I have broad research interests in computer systems, including cloud computing, storage/file systems, operating systems and distributed systems. I am particularly interested in developing new ways of structuring computer systems to address technology changes and enable new applications. I am involved in many ongoing projects in such areas as data-intensive computing, distributed system diagnosis, cloud computing, home storage, and exploitation of new storage technologies.
Cloud Computing Infrastructure
We are exploring the many systems challenges hidden behind the hype surrounding cloud computing, such as elastic storage, resource allocation/scheduling, and automation (e.g., performance problem diagnosis). In addition, to gain first-hand experiences, we maintain and measure several deployed cloud resources with real users, in collaboration with industry partners.

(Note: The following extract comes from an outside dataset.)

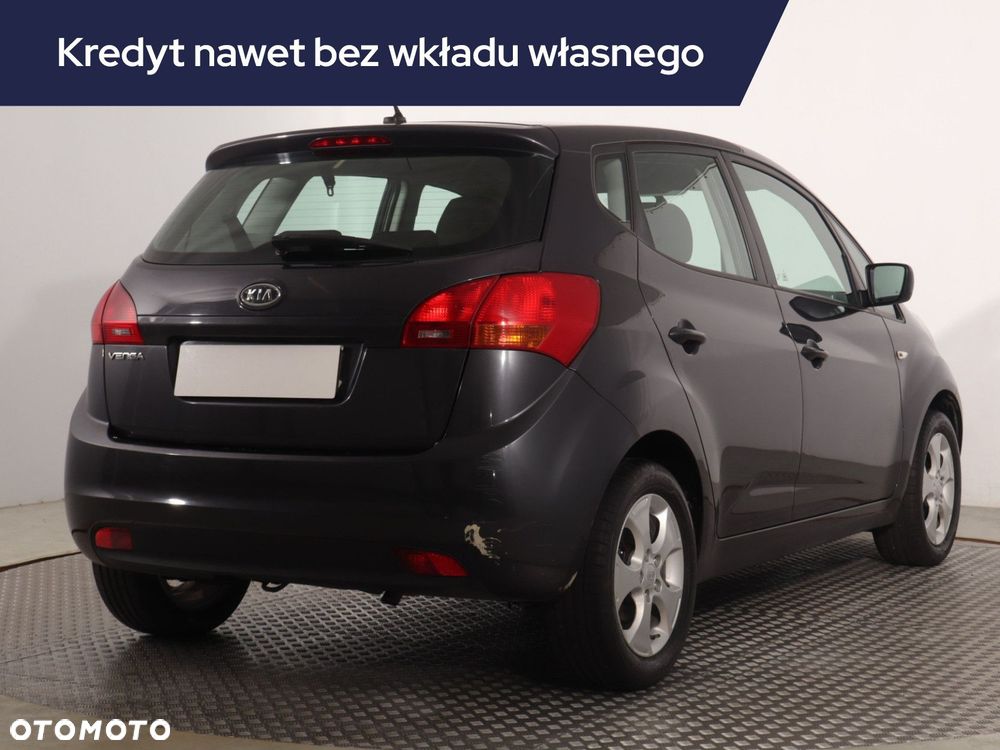 Kia Venga - 7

Data-intensive Computing (DISC, a.k.a. Big Data)
DISC refers to the rapidly growing style of computing characterized by extraction of information from huge and often dynamically growing datasets. We are exploring new distributed storage and computing system designs for achieving robust, efficient data-intensive computing. We are particularly interested in new frameworks for supporting advanced machine learning on large data sets, shifting the work of coordinating parallel threads and data from the programmer without losing efficiency.
Parallel Data Lab (PDL)
As Director of the Parallel Data Lab, I lead a number of storage-related projects in areas such as storage system architecture, survivable storage, file systems, storage security, and automated storage management. As one example, we are exploring how system software should change to accommodate new storage technologies like non-volatile RAM (e.g., PCM) and shingled magnetic recording (in disks). As another, we are exploring new approaches to sharing and access control in distributed home storage.